In the entries that follow, find the line containing "Taille originale: 157354 bytes"; from there, copy every line exactly through the line containing "2018 Hyundai Elite".
======== MATERIAL PROVIDED ========
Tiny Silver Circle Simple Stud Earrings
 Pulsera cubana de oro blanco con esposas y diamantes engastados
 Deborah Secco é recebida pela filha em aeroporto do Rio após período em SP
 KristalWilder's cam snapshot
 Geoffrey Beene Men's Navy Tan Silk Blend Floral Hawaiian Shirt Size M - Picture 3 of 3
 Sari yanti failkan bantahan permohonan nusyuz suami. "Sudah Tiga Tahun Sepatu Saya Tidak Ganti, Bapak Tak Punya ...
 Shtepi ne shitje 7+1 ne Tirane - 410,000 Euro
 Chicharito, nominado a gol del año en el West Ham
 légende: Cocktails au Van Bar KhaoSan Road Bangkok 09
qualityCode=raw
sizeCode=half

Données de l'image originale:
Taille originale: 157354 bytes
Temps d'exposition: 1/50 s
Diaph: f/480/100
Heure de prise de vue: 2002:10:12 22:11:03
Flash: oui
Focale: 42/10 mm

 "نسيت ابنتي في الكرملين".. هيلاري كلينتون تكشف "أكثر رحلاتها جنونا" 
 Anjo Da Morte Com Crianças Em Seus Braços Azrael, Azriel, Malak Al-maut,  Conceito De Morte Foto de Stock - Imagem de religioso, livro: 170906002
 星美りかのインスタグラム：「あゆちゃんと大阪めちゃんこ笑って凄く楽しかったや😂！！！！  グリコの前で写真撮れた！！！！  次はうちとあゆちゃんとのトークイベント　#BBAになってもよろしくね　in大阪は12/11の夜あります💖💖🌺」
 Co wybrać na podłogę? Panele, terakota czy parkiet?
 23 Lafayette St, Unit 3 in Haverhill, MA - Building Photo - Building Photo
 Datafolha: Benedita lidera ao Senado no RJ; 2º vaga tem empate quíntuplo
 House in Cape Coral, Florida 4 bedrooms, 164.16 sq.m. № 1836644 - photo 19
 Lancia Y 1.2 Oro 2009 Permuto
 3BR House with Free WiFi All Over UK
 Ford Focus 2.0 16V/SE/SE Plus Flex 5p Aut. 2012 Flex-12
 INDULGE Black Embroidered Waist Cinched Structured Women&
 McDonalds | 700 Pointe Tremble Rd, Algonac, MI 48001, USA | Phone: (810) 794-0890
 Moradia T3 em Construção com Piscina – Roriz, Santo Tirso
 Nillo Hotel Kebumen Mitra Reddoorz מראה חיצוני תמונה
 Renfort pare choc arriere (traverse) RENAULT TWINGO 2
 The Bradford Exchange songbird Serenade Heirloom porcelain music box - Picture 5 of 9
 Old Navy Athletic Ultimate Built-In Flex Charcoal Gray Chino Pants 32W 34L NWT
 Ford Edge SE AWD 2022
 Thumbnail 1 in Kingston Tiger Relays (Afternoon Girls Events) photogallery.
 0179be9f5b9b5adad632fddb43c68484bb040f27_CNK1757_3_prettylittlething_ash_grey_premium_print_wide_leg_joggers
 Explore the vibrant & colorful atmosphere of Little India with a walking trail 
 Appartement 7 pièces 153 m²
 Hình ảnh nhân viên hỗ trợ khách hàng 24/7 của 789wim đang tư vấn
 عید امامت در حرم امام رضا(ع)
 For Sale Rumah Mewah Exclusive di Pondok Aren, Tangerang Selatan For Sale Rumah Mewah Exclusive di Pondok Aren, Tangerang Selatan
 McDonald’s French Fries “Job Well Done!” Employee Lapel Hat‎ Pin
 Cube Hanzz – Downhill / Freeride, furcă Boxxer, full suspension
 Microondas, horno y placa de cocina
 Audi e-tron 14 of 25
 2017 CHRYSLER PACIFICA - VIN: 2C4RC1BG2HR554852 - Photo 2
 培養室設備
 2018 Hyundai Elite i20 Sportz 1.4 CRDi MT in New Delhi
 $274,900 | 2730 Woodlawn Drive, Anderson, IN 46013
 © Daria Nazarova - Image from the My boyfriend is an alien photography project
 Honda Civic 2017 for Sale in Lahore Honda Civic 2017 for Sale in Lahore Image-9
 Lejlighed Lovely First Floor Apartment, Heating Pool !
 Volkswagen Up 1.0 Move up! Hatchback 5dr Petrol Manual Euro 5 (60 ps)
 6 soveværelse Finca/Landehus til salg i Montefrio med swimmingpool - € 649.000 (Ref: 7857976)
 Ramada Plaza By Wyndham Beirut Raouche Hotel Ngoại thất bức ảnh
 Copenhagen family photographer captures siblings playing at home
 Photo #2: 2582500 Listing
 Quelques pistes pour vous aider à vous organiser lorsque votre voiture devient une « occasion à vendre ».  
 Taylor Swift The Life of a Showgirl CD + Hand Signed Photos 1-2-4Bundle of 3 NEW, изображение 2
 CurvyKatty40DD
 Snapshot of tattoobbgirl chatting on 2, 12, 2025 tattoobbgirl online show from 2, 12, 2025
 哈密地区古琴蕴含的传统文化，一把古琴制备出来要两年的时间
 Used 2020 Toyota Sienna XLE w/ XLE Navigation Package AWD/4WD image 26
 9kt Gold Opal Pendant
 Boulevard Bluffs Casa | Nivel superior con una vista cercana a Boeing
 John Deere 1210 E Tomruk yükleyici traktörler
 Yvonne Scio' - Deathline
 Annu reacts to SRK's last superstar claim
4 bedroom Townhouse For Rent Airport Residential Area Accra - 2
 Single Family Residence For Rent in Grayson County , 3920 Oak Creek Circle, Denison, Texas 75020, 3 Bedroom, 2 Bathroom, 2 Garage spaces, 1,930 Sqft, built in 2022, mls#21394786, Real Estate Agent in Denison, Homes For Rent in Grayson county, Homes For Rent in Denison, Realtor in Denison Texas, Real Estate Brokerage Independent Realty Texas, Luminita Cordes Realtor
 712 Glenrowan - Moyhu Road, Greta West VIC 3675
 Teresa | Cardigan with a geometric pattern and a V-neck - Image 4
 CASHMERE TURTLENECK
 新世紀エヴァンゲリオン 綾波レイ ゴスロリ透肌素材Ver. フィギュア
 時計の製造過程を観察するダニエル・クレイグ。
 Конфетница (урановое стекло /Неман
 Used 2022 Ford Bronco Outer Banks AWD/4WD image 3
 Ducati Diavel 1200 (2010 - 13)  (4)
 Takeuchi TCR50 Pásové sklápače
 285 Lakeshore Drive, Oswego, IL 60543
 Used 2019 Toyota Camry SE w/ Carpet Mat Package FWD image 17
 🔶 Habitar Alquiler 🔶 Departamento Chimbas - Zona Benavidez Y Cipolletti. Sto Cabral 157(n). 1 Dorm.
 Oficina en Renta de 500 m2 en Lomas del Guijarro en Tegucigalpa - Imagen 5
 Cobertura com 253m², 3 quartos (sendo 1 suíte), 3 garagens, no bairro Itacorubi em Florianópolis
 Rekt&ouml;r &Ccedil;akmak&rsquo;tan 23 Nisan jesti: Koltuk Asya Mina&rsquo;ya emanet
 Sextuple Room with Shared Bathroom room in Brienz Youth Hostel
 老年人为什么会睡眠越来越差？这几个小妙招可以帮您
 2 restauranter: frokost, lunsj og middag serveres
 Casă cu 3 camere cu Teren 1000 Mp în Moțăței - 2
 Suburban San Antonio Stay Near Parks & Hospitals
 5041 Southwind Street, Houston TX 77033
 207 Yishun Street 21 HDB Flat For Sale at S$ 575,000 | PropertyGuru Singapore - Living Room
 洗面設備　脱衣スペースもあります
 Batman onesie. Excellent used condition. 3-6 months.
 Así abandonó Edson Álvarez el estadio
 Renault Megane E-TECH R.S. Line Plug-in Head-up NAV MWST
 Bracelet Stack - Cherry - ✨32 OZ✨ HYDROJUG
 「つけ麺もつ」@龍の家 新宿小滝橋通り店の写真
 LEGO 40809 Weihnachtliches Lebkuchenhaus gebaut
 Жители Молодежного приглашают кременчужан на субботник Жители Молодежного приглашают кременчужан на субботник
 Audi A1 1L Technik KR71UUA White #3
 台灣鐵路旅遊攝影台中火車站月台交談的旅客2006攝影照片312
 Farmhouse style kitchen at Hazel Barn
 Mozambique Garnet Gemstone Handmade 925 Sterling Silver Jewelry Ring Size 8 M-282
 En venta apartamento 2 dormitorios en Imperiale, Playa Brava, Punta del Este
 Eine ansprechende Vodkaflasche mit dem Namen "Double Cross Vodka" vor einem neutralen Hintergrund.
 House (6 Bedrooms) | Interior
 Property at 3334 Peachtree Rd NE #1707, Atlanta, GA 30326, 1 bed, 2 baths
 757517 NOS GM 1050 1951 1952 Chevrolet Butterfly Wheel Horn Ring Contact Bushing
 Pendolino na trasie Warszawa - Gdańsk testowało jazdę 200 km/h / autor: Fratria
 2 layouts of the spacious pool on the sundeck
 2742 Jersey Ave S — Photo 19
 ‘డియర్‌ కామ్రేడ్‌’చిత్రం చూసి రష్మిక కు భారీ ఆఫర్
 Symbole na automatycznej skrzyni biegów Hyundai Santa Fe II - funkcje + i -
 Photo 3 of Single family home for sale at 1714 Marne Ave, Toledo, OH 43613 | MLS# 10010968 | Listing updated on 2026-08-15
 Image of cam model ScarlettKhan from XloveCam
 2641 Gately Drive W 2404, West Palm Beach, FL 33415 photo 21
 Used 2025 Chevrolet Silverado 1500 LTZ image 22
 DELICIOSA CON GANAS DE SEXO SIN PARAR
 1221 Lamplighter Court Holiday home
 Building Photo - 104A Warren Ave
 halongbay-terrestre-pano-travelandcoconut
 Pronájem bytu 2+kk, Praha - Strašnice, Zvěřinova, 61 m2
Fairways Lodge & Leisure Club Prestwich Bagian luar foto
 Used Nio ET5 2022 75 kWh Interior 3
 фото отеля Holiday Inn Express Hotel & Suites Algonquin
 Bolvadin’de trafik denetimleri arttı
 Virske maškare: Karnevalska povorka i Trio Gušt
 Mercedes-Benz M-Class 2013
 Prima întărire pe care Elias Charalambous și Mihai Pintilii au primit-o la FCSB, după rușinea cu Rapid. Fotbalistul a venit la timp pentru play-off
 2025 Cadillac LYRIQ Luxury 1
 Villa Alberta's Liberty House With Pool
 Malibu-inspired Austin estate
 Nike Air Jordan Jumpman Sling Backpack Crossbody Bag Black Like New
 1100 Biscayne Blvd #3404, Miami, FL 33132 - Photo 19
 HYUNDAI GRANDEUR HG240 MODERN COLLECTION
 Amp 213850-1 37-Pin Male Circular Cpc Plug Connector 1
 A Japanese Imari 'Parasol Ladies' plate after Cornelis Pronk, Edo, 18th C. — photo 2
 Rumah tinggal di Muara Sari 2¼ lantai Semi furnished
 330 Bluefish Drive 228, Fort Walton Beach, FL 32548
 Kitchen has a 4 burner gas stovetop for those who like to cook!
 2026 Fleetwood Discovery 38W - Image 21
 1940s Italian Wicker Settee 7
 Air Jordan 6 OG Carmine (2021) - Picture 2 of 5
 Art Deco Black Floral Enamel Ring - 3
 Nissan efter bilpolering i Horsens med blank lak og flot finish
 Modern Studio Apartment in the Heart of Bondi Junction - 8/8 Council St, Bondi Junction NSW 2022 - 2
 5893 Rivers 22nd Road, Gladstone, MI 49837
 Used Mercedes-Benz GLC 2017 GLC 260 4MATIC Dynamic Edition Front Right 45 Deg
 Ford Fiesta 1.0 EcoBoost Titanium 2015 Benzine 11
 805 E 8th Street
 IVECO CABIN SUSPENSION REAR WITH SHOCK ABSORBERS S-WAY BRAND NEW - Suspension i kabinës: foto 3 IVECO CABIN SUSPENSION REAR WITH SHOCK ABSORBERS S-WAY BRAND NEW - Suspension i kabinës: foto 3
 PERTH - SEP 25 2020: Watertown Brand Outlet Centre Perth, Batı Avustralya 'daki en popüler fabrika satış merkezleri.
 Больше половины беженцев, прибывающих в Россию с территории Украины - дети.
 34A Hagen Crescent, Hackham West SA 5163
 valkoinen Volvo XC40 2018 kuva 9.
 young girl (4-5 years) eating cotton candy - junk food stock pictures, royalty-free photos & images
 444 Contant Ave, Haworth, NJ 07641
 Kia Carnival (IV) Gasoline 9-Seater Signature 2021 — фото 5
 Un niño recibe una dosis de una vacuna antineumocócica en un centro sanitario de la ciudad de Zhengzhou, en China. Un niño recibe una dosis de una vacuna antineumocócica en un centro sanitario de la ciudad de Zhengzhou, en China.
========
* [ANSWER TO THIS PROBLEM]
Taille originale: 157354 bytes
Temps d'exposition: 1/50 s
Diaph: f/480/100
Heure de prise de vue: 2002:10:12 22:11:03
Flash: oui
Focale: 42/10 mm

 "نسيت ابنتي في الكرملين".. هيلاري كلينتون تكشف "أكثر رحلاتها جنونا" 
 Anjo Da Morte Com Crianças Em Seus Braços Azrael, Azriel, Malak Al-maut,  Conceito De Morte Foto de Stock - Imagem de religioso, livro: 170906002
 星美りかのインスタグラム：「あゆちゃんと大阪めちゃんこ笑って凄く楽しかったや😂！！！！  グリコの前で写真撮れた！！！！  次はうちとあゆちゃんとのトークイベント　#BBAになってもよろしくね　in大阪は12/11の夜あります💖💖🌺」
 Co wybrać na podłogę? Panele, terakota czy parkiet?
 23 Lafayette St, Unit 3 in Haverhill, MA - Building Photo - Building Photo
 Datafolha: Benedita lidera ao Senado no RJ; 2º vaga tem empate quíntuplo
 House in Cape Coral, Florida 4 bedrooms, 164.16 sq.m. № 1836644 - photo 19
 Lancia Y 1.2 Oro 2009 Permuto
 3BR House with Free WiFi All Over UK
 Ford Focus 2.0 16V/SE/SE Plus Flex 5p Aut. 2012 Flex-12
 INDULGE Black Embroidered Waist Cinched Structured Women&
 McDonalds | 700 Pointe Tremble Rd, Algonac, MI 48001, USA | Phone: (810) 794-0890
 Moradia T3 em Construção com Piscina – Roriz, Santo Tirso
 Nillo Hotel Kebumen Mitra Reddoorz מראה חיצוני תמונה
 Renfort pare choc arriere (traverse) RENAULT TWINGO 2
 The Bradford Exchange songbird Serenade Heirloom porcelain music box - Picture 5 of 9
 Old Navy Athletic Ultimate Built-In Flex Charcoal Gray Chino Pants 32W 34L NWT
 Ford Edge SE AWD 2022
 Thumbnail 1 in Kingston Tiger Relays (Afternoon Girls Events) photogallery.
 0179be9f5b9b5adad632fddb43c68484bb040f27_CNK1757_3_prettylittlething_ash_grey_premium_print_wide_leg_joggers
 Explore the vibrant & colorful atmosphere of Little India with a walking trail 
 Appartement 7 pièces 153 m²
 Hình ảnh nhân viên hỗ trợ khách hàng 24/7 của 789wim đang tư vấn
 عید امامت در حرم امام رضا(ع)
 For Sale Rumah Mewah Exclusive di Pondok Aren, Tangerang Selatan For Sale Rumah Mewah Exclusive di Pondok Aren, Tangerang Selatan
 McDonald’s French Fries “Job Well Done!” Employee Lapel Hat‎ Pin
 Cube Hanzz – Downhill / Freeride, furcă Boxxer, full suspension
 Microondas, horno y placa de cocina
 Audi e-tron 14 of 25
 2017 CHRYSLER PACIFICA - VIN: 2C4RC1BG2HR554852 - Photo 2
 培養室設備
 2018 Hyundai Elite i20 Sportz 1.4 CRDi MT in New Delhi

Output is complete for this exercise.